** MATERIAL FOR THIS TASK follows **

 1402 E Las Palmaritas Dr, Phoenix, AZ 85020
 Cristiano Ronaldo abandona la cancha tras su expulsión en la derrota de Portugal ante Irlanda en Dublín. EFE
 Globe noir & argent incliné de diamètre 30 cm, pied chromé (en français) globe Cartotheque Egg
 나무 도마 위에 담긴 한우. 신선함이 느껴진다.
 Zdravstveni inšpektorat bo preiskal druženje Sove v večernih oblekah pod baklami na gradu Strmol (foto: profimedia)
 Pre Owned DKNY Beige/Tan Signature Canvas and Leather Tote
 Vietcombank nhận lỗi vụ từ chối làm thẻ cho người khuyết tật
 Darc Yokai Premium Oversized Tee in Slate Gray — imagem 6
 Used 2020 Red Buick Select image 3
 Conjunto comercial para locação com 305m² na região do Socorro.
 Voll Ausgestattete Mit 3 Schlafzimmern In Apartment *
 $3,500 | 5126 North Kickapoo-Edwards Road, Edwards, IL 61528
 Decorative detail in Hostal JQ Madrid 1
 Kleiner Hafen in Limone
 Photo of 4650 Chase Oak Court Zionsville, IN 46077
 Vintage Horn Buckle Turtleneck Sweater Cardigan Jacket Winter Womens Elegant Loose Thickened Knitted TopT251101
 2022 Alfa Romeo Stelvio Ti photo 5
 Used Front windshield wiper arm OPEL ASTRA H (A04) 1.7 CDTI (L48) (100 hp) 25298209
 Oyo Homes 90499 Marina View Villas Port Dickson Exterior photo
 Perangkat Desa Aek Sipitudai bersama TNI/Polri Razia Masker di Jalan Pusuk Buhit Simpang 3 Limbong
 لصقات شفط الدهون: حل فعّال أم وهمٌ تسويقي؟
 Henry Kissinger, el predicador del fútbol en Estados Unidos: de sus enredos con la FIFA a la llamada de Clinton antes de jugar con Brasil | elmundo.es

** End of MATERIAL FOR THIS TASK **

**AIM OF THE TASK:** Exactly reproduce every line found in the records.

**EXERCISE ANSWER:**
 1402 E Las Palmaritas Dr, Phoenix, AZ 85020
 Cristiano Ronaldo abandona la cancha tras su expulsión en la derrota de Portugal ante Irlanda en Dublín. EFE
 Globe noir & argent incliné de diamètre 30 cm, pied chromé (en français) globe Cartotheque Egg
 나무 도마 위에 담긴 한우. 신선함이 느껴진다.
 Zdravstveni inšpektorat bo preiskal druženje Sove v večernih oblekah pod baklami na gradu Strmol (foto: profimedia)
 Pre Owned DKNY Beige/Tan Signature Canvas and Leather Tote
 Vietcombank nhận lỗi vụ từ chối làm thẻ cho người khuyết tật
 Darc Yokai Premium Oversized Tee in Slate Gray — imagem 6
 Used 2020 Red Buick Select image 3
 Conjunto comercial para locação com 305m² na região do Socorro.
 Voll Ausgestattete Mit 3 Schlafzimmern In Apartment *
 $3,500 | 5126 North Kickapoo-Edwards Road, Edwards, IL 61528
 Decorative detail in Hostal JQ Madrid 1
 Kleiner Hafen in Limone
 Photo of 4650 Chase Oak Court Zionsville, IN 46077
 Vintage Horn Buckle Turtleneck Sweater Cardigan Jacket Winter Womens Elegant Loose Thickened Knitted TopT251101
 2022 Alfa Romeo Stelvio Ti photo 5
 Used Front windshield wiper arm OPEL ASTRA H (A04) 1.7 CDTI (L48) (100 hp) 25298209
 Oyo Homes 90499 Marina View Villas Port Dickson Exterior photo
 Perangkat Desa Aek Sipitudai bersama TNI/Polri Razia Masker di Jalan Pusuk Buhit Simpang 3 Limbong
 لصقات شفط الدهون: حل فعّال أم وهمٌ تسويقي؟
 Henry Kissinger, el predicador del fútbol en Estados Unidos: de sus enredos con la FIFA a la llamada de Clinton antes de jugar con Brasil | elmundo.es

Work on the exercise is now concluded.